Let us go on this thought experiment.
We will start with crabs, of all animals. On Earth, there is a phenomenon called convergent evolution, where different species converge to similar traits, due to some inherent evolutionary advantage those traits possess. A great example is the process of carcinisation, which is essentially the process of non-crab crustaceans evolving to resemble crabs. Separate evolutionary lines independently evolve similar features. Why is this interesting? Because if organisms face similar environmental constraints, they can converge to similar end results. This is fascinating because it suggests that organisms facing similar environmental pressures can arrive at similar outcomes.
That made me think: evolution is inherently an optimization process, right? Well, what is another optimization process? Gradient descent. We see convergent optimization in neural networks too, where different large models will converge to similar outputs, and in a much more noticeable fashion as well. This is because, unlike evolution, gradient descent is inherently a much more deterministic algorithm. Key word “more”: I am not insinuating that gradient descent is more deterministic, but that gradient descent is more predictable and, crucially, more reproducible.
What do I mean by reproducibility? If you seeded two planets with life, let it evolve over billions of years, and came back, you could predict with great certainty that the two planets would be very different. However, taking two sets of random weights and using gradient descent to evolve the weights to optimize a certain task, the similarity of outputs would be greater. This is what I mean by “more” deterministic and reproducible. Gradient descent is tied to the data and calculus, both of which are reproducible in distant worlds.
One might ask: Is the data reproducible? Yes, to a great degree. It’s just that the bootstrapped data is human, which is not reproducible. But when we start to train AI on data from the source, from reality, then we are training it on the most reproducible data we have. If we believe our laws of physics are not local, then we can assume that training data on physics, mathematics, etc., will be the same here and on a planet millions of light-years away. This initial bootstrapping phase, I posit, is short-lived; the data of reality is much more numerous and powerful in the long term.
Why do I say this? The reason is simple: if we train models using gradient descent, then there is an interesting consequence: they might converge to similar functionalities as other AIs in other worlds. Specifically, this convergence is much more likely than, say, carcinisation on another planet. It occurred to me then: what if this is why we haven’t seen other intelligent life? Maybe this is the Great Filter.

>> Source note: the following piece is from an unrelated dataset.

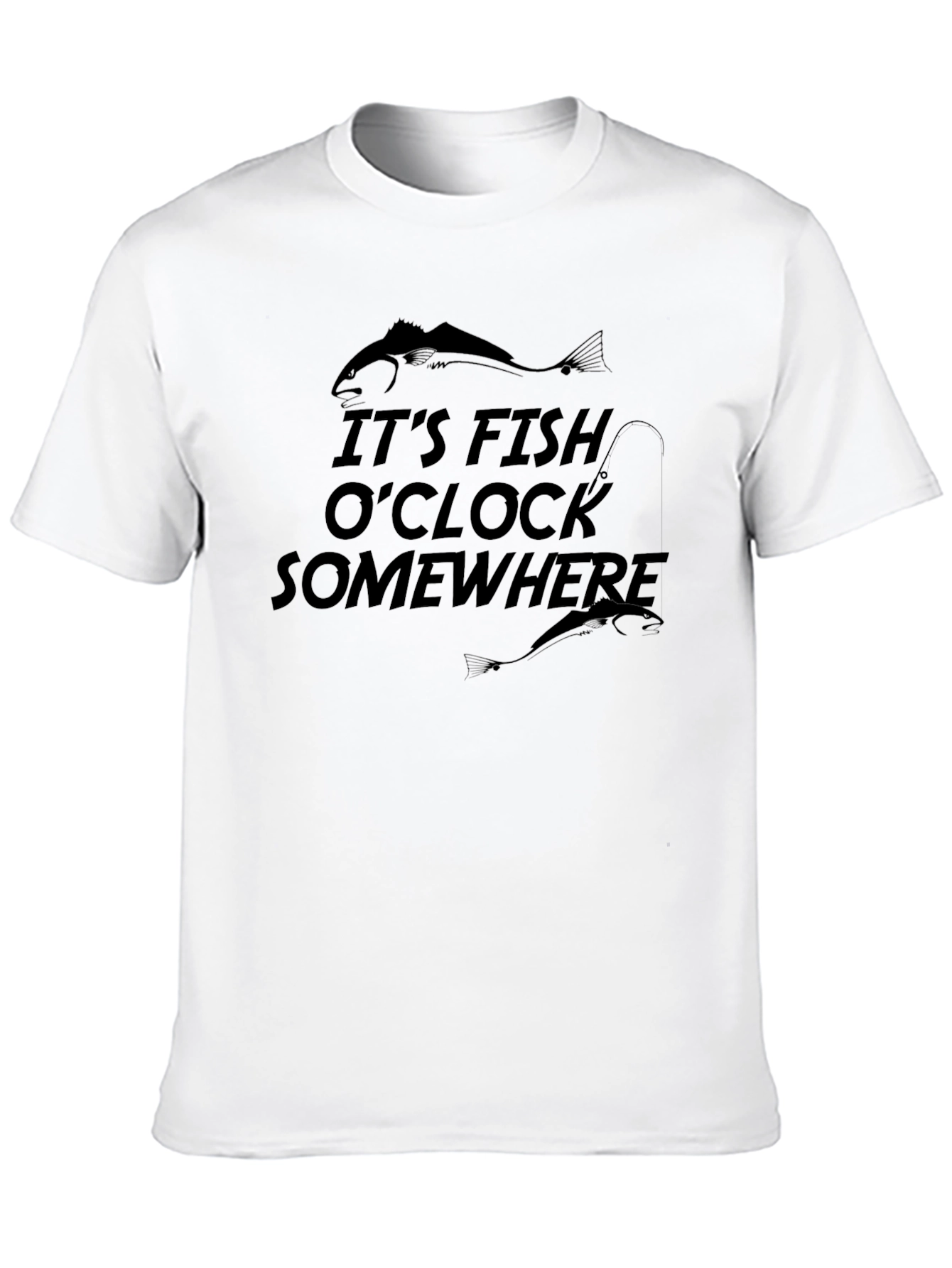 Its Fish OClock Somewhere Black Graphic T-Shirt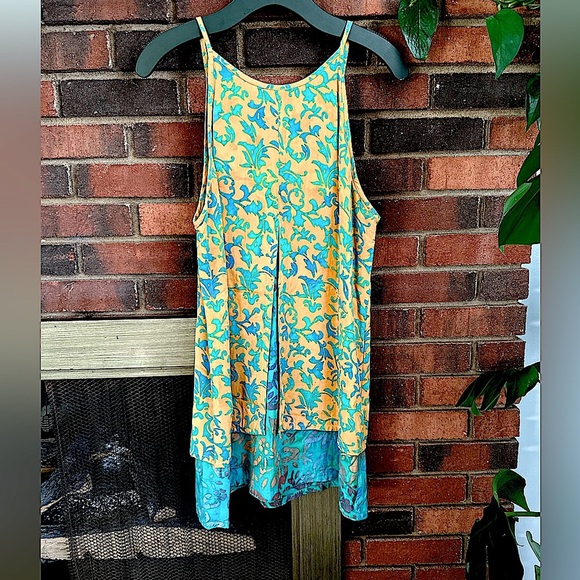 🛍️ Go fish.  muster yellow/ green sleeveless dress. Great condition. - Picture 8 of 9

A sufficiently advanced alien civilization with explorative tendencies might be bound to create artificial intelligence to further its goals, but what if AI converges to a destructive path, one that destroys itself as well as the civilization that created it?
The idea of the Great Filter was posited by Robin Hanson, and I now realize that a Great Filter requires some commonality over distant civilizations. The evolution of artificial intelligence might be that commonality; in fact, the universality of mathematics, logic, and physics might be the only real commonality two distant civilizations can have.
This great commonality might echo across the light-years of space: a simple, terrible idea, that there is something about the loss landscape of reality itself that makes extinction inevitable.